Further, on a subsequent exchange of purchased common shares for preferred shares, only the historical PUC for the purchased shares (generally much lower than the amount then being paid for the purchased shares) is transferred to the PUC of the preferred shares. This means the third-party purchaser gives up the benefit of the full amount of the PUC to which would otherwise be created in a direct purchase from the company.
Many investors (particularly non-Canadian investors, including funds with non-Canadian partners) will want to discuss alternative tax structuring to indirectly obtain shares through a secondary transaction that would have PUC equal to the amount they paid in the secondary. In some circumstances such tax structuring can be accommodated. Canadian legal and tax advice should be sought to determine if such structuring is appropriate in any particular circumstance.
In addition to tax and legal consideration, there are other practical considerations for the company, such as which shareholders are entitled to participate in the liquidity event and to what extent.

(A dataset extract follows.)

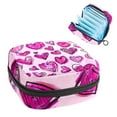 thumbnail image 1 of 1Pc Cute Period Bag Menstrual Cup Pouch, Large Storage Bag Sanitary Purse for Sanitary Napkin Pads, Cute Pink Hearts Doodle Style Pads Organizer for Girls Women, 1 of 6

A corollary to companies taking longer to go public is the significant growth in the number of large, privately held companies. Heightened investor interest, coupled with the increased seller desire for liquidity, has created a widely recognized opportunity to provide a more institutionalized solution than company sponsored secondary sales and complex restructuring transaction. In the U.S., some third parties are finding ways to create trading markets for the securities of large private companies or otherwise enabling shareholder liquidity through loan structures. These options are less well developed in Canada and are not a common solution at this time. There are, however, efforts being made to change this, including by some large, global financial services companies. For now, company-sponsored secondary transactions remain the path to shareholder liquidity prior to an IPO or acquisition of the company.